Sometimes before giving a lecture I look around the classroom and wonder how many of the students have a part-time job or two. How many were drinking last night or already today. How many are in love or lust with the student in front of them or beside them. And how many will turn to Facebook or solitaire as soon as the class starts. It can be disconcerting, because long before the course started I visualized its entire arc, determining what students need to learn first, then next, then next, and I inevitably failed to take the students' actual lives into consideration. Instead, before meeting a single one of them, I'd imagined being carried off on their shoulders in April. It shouldn't be a surprise, but always is, when in the first class a student says she's taking the course because she has to, when at mid-term another says with exasperation that he has four other classes, you know, and when a few years later another says, "Didn't I have you for the Holocaust?" No, you didn't have me for the Holocaust.
The reason none of this should be a surprise is that faculty take for granted that students do not understand us.

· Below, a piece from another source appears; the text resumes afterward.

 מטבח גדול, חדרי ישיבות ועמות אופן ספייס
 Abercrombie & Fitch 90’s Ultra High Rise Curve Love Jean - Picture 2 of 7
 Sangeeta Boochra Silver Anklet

We know that most students don't have a good grasp of what our research entails or how it fits into our jobs, let alone anything about our administrative responsibilities. When a student visits my office, sees me seemingly at ease and somewhat slovenly, and says, "I wanna be a professor like you," I admit to being a little offended. The mistake that both professors and students make is assuming that we understand one another just by virtue of our daily proximity.
And yet when I look at my shelf of books about the state of higher education today, I see that many if not most of the authors - such as Derek Bok, Tom Pocklington, Allan Tupper, Elaine Showalter, Donald Kennedy, James Duderstadt and James Axtell - are from a small demographic of the campus community: late-career faculty, some of them emeritus. These professors believe that their long experience in academe makes them well-suited to discuss it - and of course they are right. But other viewpoints would also be welcome.
That's why I was interested to read Jeff Rybak's What's Wrong with University: And How to Make it Work for You Anyway. Mr. Rybak graduated from University of Toronto Scarborough in 2006, and so refreshingly promises a student version of the state of Canadian universities. I wanted to hear a young person describe what is and isn't working, how students adapt to the system, and what can be done to make things better. And to a degree, he delivers. For example, he offers a passionate attack of the student loan system, noting that in most other circumstances Canadian law does not allow a minor to sign a binding agreement: "You can't get a credit card, sign a cellular phone contract, or anything else, but you can sign yourself into thousands upon thousands of dollars of debt if it's for education." Mr. Rybak gives good advice on why not to take a bird course (its ease or your lack of commitment will make it difficult to get a grade higher than the students around you), why to use your university e-mail when contacting your prof (hot_monkey_love@hotmail.com will make you look like an idiot), and how to complain about marks (focus on the process rather than the outcome).
But overall, the book is weak. It is not really about what its title suggests, but rather why to care enough about university to get something out of it. As a result, it comes across as an apologia for some of the inanities and insanities of campus life. And instead of using much research or even his own academic experiences, the author relies on flabby, generic self-help writing: "Try something new. If that doesn't work, try something else. The important thing is to continue trying. As long as you are taking enough interest in your education that you're really working at it, things can't go far wrong. Just whatever you do, don't fall into the trap of resolving to 'try harder' as though that decision alone is the answer to everything."
Still, the mere existence of Jeff Rybak's book is encouraging. If those who run universities today aren't listening to students, we won't understand their issues or needs. And education, like youth, will be wasted on the young.
Alan MacEachern is a professor of history at the University of Western Ontario.